EXERCISE GOAL:
Output must consist only of the lines of the material below from the one with "Bewinner Scheda Grafica" through the one with "AR-15 Two-Tone Semi", each reproduced exactly; no pictures belong in it.

--- SOURCE MATERIAL ---

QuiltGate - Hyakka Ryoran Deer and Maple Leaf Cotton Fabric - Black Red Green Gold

---
--- SOURCE MATERIAL ---

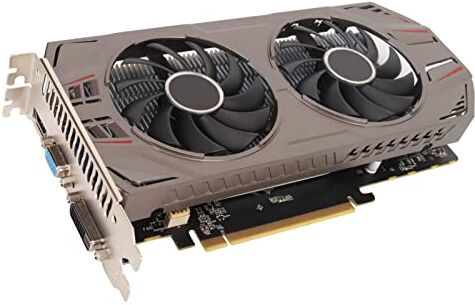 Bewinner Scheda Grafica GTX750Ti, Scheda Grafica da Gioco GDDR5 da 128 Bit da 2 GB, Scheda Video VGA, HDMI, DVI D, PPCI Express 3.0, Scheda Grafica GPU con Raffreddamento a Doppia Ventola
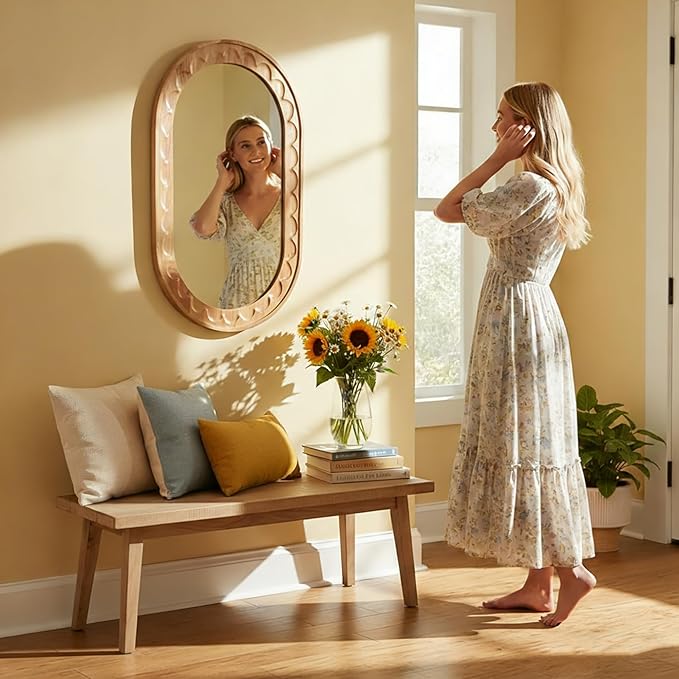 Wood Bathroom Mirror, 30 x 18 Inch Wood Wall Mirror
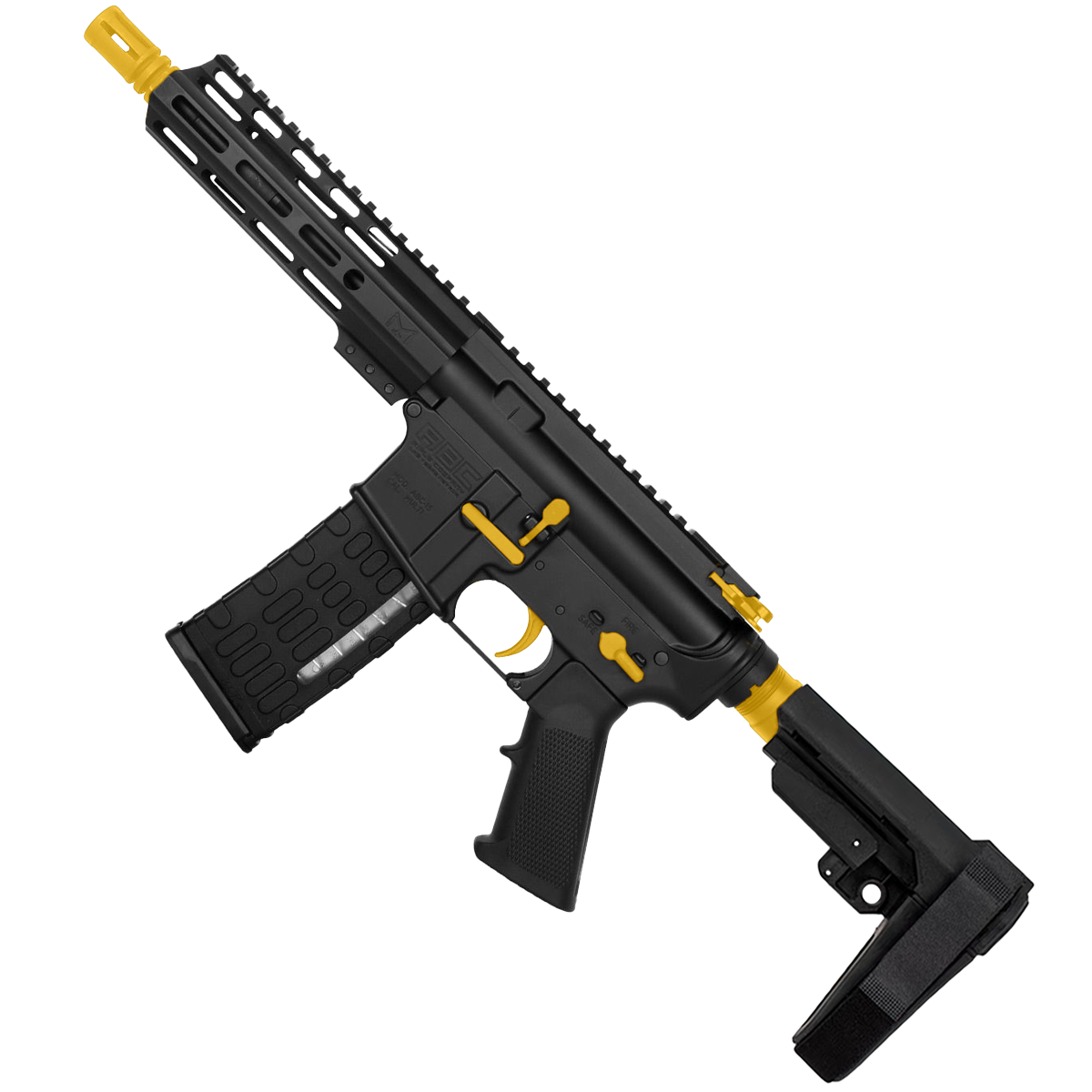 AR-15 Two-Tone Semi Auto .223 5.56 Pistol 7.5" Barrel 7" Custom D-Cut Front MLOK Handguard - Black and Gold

---

SOLVED EXERCISE:
 Bewinner Scheda Grafica GTX750Ti, Scheda Grafica da Gioco GDDR5 da 128 Bit da 2 GB, Scheda Video VGA, HDMI, DVI D, PPCI Express 3.0, Scheda Grafica GPU con Raffreddamento a Doppia Ventola
 Wood Bathroom Mirror, 30 x 18 Inch Wood Wall Mirror
 AR-15 Two-Tone Semi Auto .223 5.56 Pistol 7.5" Barrel 7" Custom D-Cut Front MLOK Handguard - Black and Gold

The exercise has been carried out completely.